Jacksonville hosts Illinois regional Braille Challenge for visually impaired students
Jacksonville’s state school drew top blind and visually impaired students for a braille contest where the prize is a shot at Los Angeles and future independence.

Jacksonville’s Illinois School for the Visually Impaired turned its campus into a statewide proving ground for braille literacy, and Morgan County had a front-row seat to the kind of student achievement that often goes unnoticed. The 2026 Illinois Regional Braille Challenge, held March 18, brought together blind and visually impaired students from across Illinois for a competition that can send the best scorers to Los Angeles, where only the top 50 students nationwide, 10 in each category, are invited to the finals.

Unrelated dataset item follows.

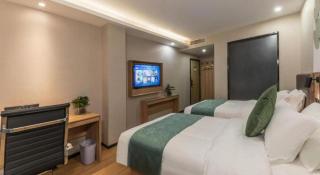 GreenTree Inn Express Zhangjiagang Hexing Town Shazhou Professional Institue of Technology - 9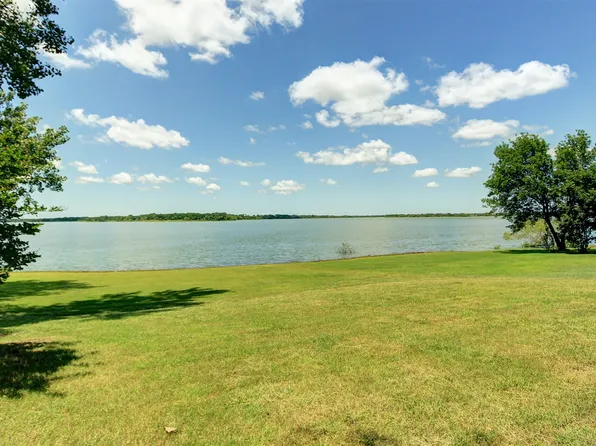 1307 Lakeshore Dr, Little Elm, TX 75068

The challenge is not a novelty contest. Braille Institute describes it as the only academic competition of its kind, built around five skills that matter in classrooms and beyond: reading comprehension, braille spelling, speed and accuracy, proofreading, and reading charts and graphs. The contest is divided by age, from Apprentice for first- and second-graders through Varsity for 10th- through 12th-graders, giving students a way to compete against peers at similar stages of learning. Braille Institute developed the challenge 25 years ago to strengthen braille literacy, a skill that remains essential for school success, daily independence and future employment.

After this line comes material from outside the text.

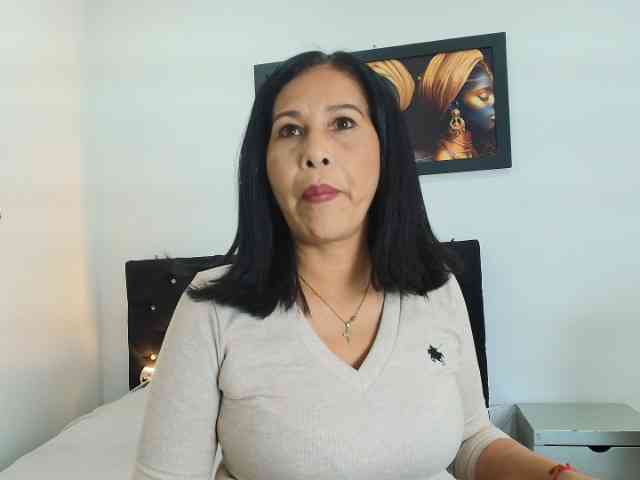 Shanon-mature webcam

Among the students recognized in Jacksonville were Omar Lopez at the junior varsity level and Kaylee Cole at the varsity level. Their success underscored the range of talent developing through braille instruction, from middle schoolers building speed and precision to older students handling more complex reading and proofreading demands. For families, educators and neighbors in Morgan County, those wins were a reminder that Jacksonville is not just hosting an event. It is helping prepare students for a world where literacy means more than reading print on a page.

Sara Roy, an assistive technology educator at ISVI, said the school was excited to host the competition again and pointed to the larger goal of giving students a chance to advance to the Braille Challenge Finals in Los Angeles, scheduled for June 25-27. That final round will bring together students from across the globe, but the path starts in places like Jacksonville, where specialized instruction and a statewide school give visually impaired students a place to show what they can do.
Jacksonville has already seen the event’s reach. A regional Braille Challenge at ISVI on Feb. 14 drew 17 students from across Illinois, showing that the school has become a repeat host for one of the most demanding academic contests in the state for blind and visually impaired youth. For Morgan County, that means the school is both a local institution and a statewide hub for access, independence and opportunity.